But BNR34-xxxxxx is unique to your car. That's the Vehicle Identification Number (VIN).

The following will help to decode, but you have some extra characters ...


----------



## Maddox (Oct 22, 2015)

Umar said:


> Maddox. congratulations on the purchase of an R34 & welcome to the forums.
> if Mods are reading aswell as yourself. I'd ideally remove the details of your chassis code.. immediately if you can.
> 
> someone surely can help with what each of the letters refer to.
> ...


Great, thank you, I really appreciate that!

On the basis I am new, how do I delete / edit my previous post? Can't seem to find an edit button :runaway:


----------



## Maddox (Oct 22, 2015)

wardiz said:


> The following will help to decode, but you have some extra characters ...


Great - thank you so much.

So, it is a V-Spec based on that, which is good news - how do you then determine if it is a V-Spec I or a V-Spec II.
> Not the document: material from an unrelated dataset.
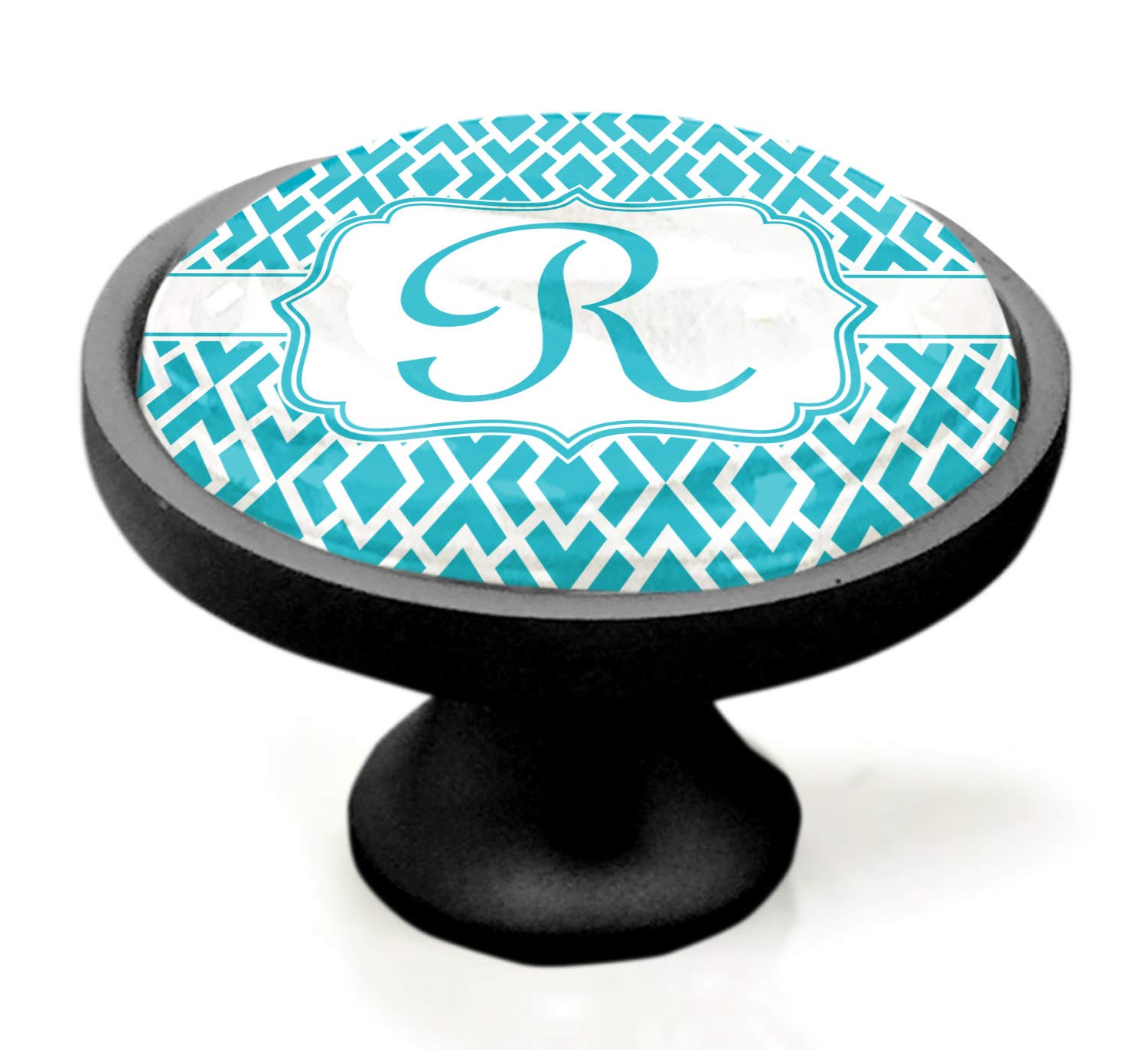 Custom Geometric Diamond Cabinet Knobs - Black Matte Finish Hardware for Kitchen & Bathroom Drawers - Modern Home Decor Upgrade for Dressers, Cabinets & Furniture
Sorry for the many questions!


----------



## K66 SKY (Jan 25, 2005)

Maddox said:


> *Can someone help me understand the code please, and let me know wether I have a normal GTR or a V-Spec 1 or V-Spec 2 GTR and how I would determine each category, including a Nur Spec & M Spec based on all of this.
> *


I'm not an expert on BNR34's but I was told you can apparently work out what model of Skyline GT-R you have by the date of its manufacture. The original V-Spec's were only available from January 1999 till October 2000. The V-Spec II's became available from 28th August 2000, The M-Spec's from 8th May 2001 and the Nür's were released 26th February 2002.

With these dates you can pretty much tell what you've got. As for the last extra digits in the code that are not listed....If these are anything like the earlier BCNR33's it refers to stuff like Airbags, Audio and other levels of Trim options with the final letters being for GT-R, GT-R V-Spec or GT-R N1 designations.

HTH!


----------



## Maddox (Oct 22, 2015)

Thanks for the help, Mookistar has helped me with editing posts etc.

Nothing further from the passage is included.